Biological Perturbation Analysis¶
shesha.bio provides metrics for single-cell and CRISPR perturbation experiments.
It works natively with AnnData objects.
Compute stability¶
shesha.bio.compute_stability() measures per-perturbation geometric consistency
relative to a control population.
from shesha.bio import compute_stability
stability = compute_stability(
adata_pca,
perturbation_key='guide_id',
control_label='NT',
metric='cosine',
)
print(stability['KLF1']) # e.g. 0.85
Compute magnitude¶
shesha.bio.compute_magnitude() measures the average distance of perturbed cells
from the centroid of the control population.
from shesha.bio import compute_magnitude
magnitude = compute_magnitude(
adata_pca,
perturbation_key='guide_id',
control_label='NT',
metric='euclidean',
)
print(magnitude['KLF1']) # e.g. 2.40
Bootstrap confidence intervals¶
The low-level functions perturbation_stability() and
perturbation_effect_size() support bootstrap CIs via
n_bootstrap_ci.
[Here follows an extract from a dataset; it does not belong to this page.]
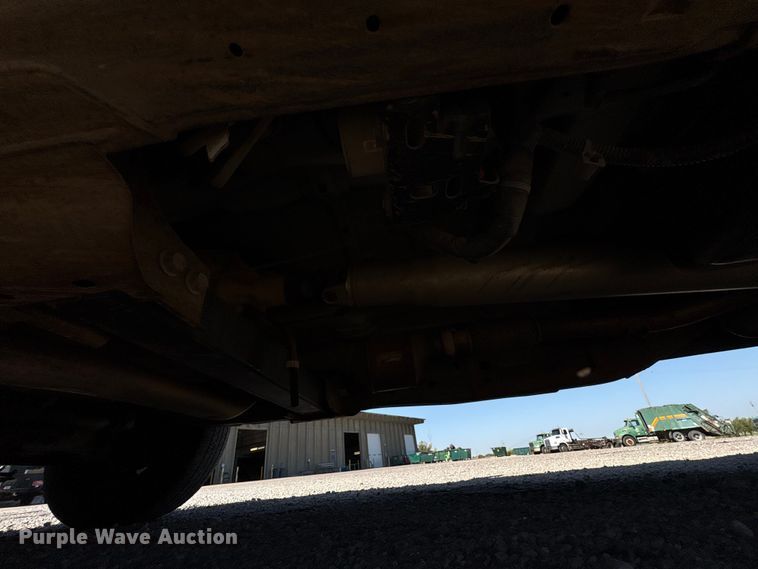 image for item ET6152 2015 Chevrolet Silverado 1500 pickup truck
Control and perturbed populations are resampled independently.
See Bootstrap Confidence Intervals for full details.
from shesha.bio import perturbation_stability
result = perturbation_stability(X_ctrl, X_pert, n_bootstrap_ci=1000, seed=320)
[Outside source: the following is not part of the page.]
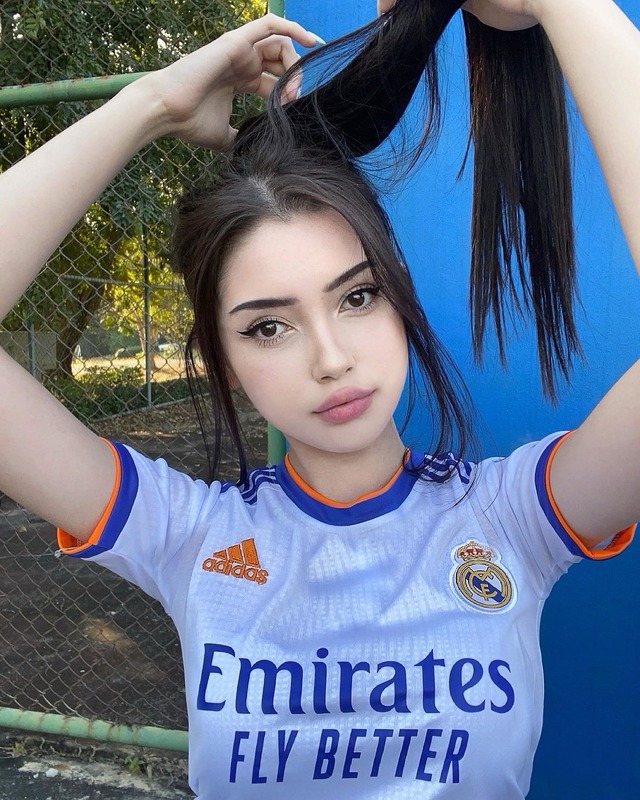 Young Russian Babe / Alissa Janine 07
print(f"{result['mean']:.3f} [{result['ci_low']:.3f}, {result['ci_high']:.3f}]")
Split-half reproducibility¶
shesha.bio.split_half_reproducibility() measures effect-direction reproducibility
for each perturbation by repeated 50/50 random cell splits. High values indicate that the
perturbation’s directional shift is consistent across independent subsets of cells — a
direct assay of biological reproducibility that is distinct from effect magnitude.
from shesha.bio import split_half_reproducibility
repro = split_half_reproducibility(
adata,
perturbation_key="perturbation",
control_label="control",
n_splits=50,
random_state=320,
)
# Returns DataFrame: index=perturbation, columns=[split_half_cosine, n_cells]
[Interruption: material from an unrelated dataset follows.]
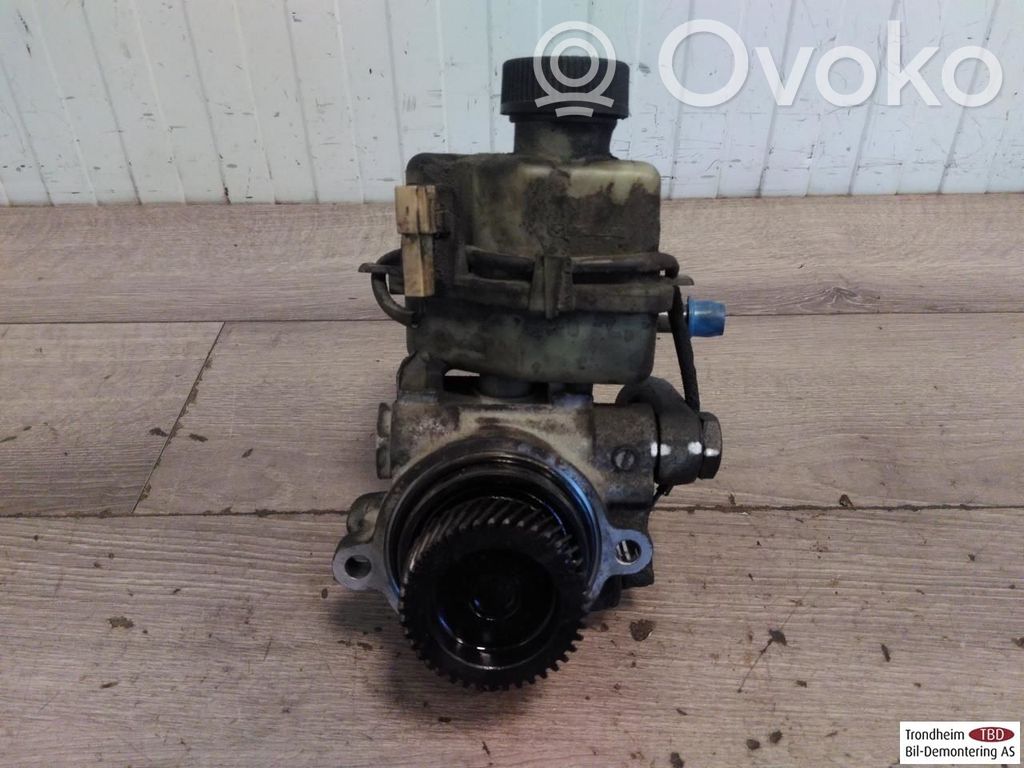 Ohjaustehostimen pumppu   CC3032650B,CC3032650B,CC3032650B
print(repro.sort_values("split_half_cosine", ascending=False).head())
Magnitude-matched comparison¶
shesha.bio.magnitude_matched_comparison() tests whether stability predicts
reproducibility within magnitude bins, controlling for the SNR confound. Perturbations
are binned by effect size and, within each bin, the mean split-half cosine is compared
between the high-stability and low-stability halves.
from shesha.bio import compute_stability, compute_magnitude, magnitude_matched_comparison
import pandas as pd
sp = compute_stability(adata, perturbation_key="perturbation", control_label="control")
mp = compute_magnitude(adata, perturbation_key="perturbation", control_label="control")
df = repro.copy()
df["Sp"] = pd.Series(sp)
df["Mp"] = pd.Series(mp)
bins = magnitude_matched_comparison(
df,
stability_col="Sp",
repro_col="split_half_cosine",
magnitude_col="Mp",
n_bins=4,
)
print(bins[["mag_bin", "n", "high_stability_mean", "low_stability_mean", "difference"]])
Discordance¶
shesha.bio.discordance() identifies perturbations that deviate from the expected
stability-magnitude relationship. High discordance scores flag perturbations that are
less stable than expected given their effect size — candidates for pleiotropic or
heterogeneous effects.
Three methods are available:
linear (default): OLS residual, sign-flipped and z-scored. Fast and interpretable.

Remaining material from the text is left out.